Task directions:
Of the entries below, return exactly those lines that fall between the one containing "Zweitbezug am See" and the one containing "Uwaga! Dziś policja", the two end lines included.
++++++++++
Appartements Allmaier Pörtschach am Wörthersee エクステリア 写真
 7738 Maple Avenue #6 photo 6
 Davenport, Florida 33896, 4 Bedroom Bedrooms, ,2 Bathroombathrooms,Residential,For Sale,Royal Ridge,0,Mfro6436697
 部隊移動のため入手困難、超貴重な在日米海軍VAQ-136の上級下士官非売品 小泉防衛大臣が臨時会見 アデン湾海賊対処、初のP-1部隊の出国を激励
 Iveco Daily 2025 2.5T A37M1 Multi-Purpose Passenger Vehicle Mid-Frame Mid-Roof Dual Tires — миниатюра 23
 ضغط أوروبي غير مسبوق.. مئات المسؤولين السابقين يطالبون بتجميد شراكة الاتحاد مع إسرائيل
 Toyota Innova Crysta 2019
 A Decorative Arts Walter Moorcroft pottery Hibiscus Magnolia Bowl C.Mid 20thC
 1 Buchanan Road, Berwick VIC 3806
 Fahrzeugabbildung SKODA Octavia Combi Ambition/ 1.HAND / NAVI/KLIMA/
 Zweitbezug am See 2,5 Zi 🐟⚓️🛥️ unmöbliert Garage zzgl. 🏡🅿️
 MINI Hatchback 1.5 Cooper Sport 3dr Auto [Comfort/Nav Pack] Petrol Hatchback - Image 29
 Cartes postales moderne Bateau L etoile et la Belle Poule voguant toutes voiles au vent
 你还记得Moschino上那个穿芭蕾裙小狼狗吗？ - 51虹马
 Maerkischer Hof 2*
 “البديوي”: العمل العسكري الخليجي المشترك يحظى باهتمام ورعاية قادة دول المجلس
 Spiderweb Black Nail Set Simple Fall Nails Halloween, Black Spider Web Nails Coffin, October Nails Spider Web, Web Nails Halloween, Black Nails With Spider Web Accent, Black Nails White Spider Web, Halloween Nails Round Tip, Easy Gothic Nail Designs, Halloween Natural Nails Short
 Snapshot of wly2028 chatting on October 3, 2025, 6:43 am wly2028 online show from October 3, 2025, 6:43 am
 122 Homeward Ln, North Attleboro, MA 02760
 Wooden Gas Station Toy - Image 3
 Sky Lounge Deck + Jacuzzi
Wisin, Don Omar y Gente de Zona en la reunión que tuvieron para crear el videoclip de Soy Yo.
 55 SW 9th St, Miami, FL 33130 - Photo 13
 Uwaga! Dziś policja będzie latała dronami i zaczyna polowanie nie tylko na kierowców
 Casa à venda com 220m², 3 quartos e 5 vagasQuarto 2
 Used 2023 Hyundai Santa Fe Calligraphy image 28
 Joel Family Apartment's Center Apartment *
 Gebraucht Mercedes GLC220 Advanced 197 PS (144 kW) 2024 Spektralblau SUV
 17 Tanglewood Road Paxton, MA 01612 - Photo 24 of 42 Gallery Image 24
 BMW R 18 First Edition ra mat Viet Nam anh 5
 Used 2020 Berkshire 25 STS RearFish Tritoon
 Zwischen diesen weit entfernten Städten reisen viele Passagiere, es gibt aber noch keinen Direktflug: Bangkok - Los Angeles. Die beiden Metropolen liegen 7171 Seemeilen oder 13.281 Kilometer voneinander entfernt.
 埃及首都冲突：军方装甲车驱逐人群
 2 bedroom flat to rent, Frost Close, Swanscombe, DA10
++++++++++
Exercise response:
 Zweitbezug am See 2,5 Zi 🐟⚓️🛥️ unmöbliert Garage zzgl. 🏡🅿️
 MINI Hatchback 1.5 Cooper Sport 3dr Auto [Comfort/Nav Pack] Petrol Hatchback - Image 29
 Cartes postales moderne Bateau L etoile et la Belle Poule voguant toutes voiles au vent
 你还记得Moschino上那个穿芭蕾裙小狼狗吗？ - 51虹马
 Maerkischer Hof 2*
 “البديوي”: العمل العسكري الخليجي المشترك يحظى باهتمام ورعاية قادة دول المجلس
 Spiderweb Black Nail Set Simple Fall Nails Halloween, Black Spider Web Nails Coffin, October Nails Spider Web, Web Nails Halloween, Black Nails With Spider Web Accent, Black Nails White Spider Web, Halloween Nails Round Tip, Easy Gothic Nail Designs, Halloween Natural Nails Short
 Snapshot of wly2028 chatting on October 3, 2025, 6:43 am wly2028 online show from October 3, 2025, 6:43 am
 122 Homeward Ln, North Attleboro, MA 02760
 Wooden Gas Station Toy - Image 3
 Sky Lounge Deck + Jacuzzi
Wisin, Don Omar y Gente de Zona en la reunión que tuvieron para crear el videoclip de Soy Yo.
 55 SW 9th St, Miami, FL 33130 - Photo 13
 Uwaga! Dziś policja będzie latała dronami i zaczyna polowanie nie tylko na kierowców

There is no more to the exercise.